A federal judge in Florida on Friday ordered the state secretary of state to instruct election officials for 32 counties to provide sample Spanish-language ballots to voters as part of a lawsuit alleging that Puerto Ricans in the state were being denied access to the ballot box.
The suit alleges that 32 of the state’s 67 counties were failing to adequately provide Spanish ballots and other election materials to voters. A provision of the 1965 Voting Rights Act says that eligible voters educated in a U.S. public school where the primary language isn’t English may not be denied access to the ballot based on their English proficiency.

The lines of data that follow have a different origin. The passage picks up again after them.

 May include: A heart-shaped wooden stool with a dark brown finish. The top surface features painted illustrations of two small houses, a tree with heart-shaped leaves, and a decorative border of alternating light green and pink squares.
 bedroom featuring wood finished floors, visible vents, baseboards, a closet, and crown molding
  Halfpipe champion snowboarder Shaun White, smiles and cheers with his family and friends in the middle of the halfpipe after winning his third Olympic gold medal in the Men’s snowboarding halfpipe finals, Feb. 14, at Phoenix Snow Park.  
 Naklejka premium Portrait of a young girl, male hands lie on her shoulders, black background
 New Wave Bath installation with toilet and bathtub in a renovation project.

In an order on Friday, U.S. District Judge Mark Walker agreed that the information available was inadequate. Although he accepted the state’s argument that it couldn’t redo its election software before November, he ruled that the 32 county supervisors of elections must print sample Spanish ballots identical to the English ones and provide the sample ballots at polling places with posted notices. He also ordered the officials to post sample ballots on their websites with Spanish instructions.
Sarah Revell, a spokeswoman for Florida Secretary of State Ken Detzner (R), said he would follow the order and tell the counties to comply.

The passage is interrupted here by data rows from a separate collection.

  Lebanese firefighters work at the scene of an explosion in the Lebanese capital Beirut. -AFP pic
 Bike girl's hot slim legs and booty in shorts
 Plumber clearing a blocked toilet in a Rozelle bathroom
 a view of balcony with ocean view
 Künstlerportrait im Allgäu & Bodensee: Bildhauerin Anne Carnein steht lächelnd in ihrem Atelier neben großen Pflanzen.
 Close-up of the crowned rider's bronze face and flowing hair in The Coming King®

The lead plaintiff in the suit is Marta Rivera, a woman in her 70s who had lived all her life in Puerto Rico and is one of the more than 135,000 residents of the island who moved to Florida last year after Hurricane Maria. She is more comfortable speaking Spanish than English, and her daughter helped her register to vote.
The case was brought by a coalition of advocacy groups, along with Rivera, to aid an estimated 30,000 Puerto Rican voters in the state with limited or no English proficiency.
Walker left open the possibility of ordering officials to take additional steps to provide assistance to such voters.
This story has been updated to include a response from the Florida secretary of state’s spokeswoman.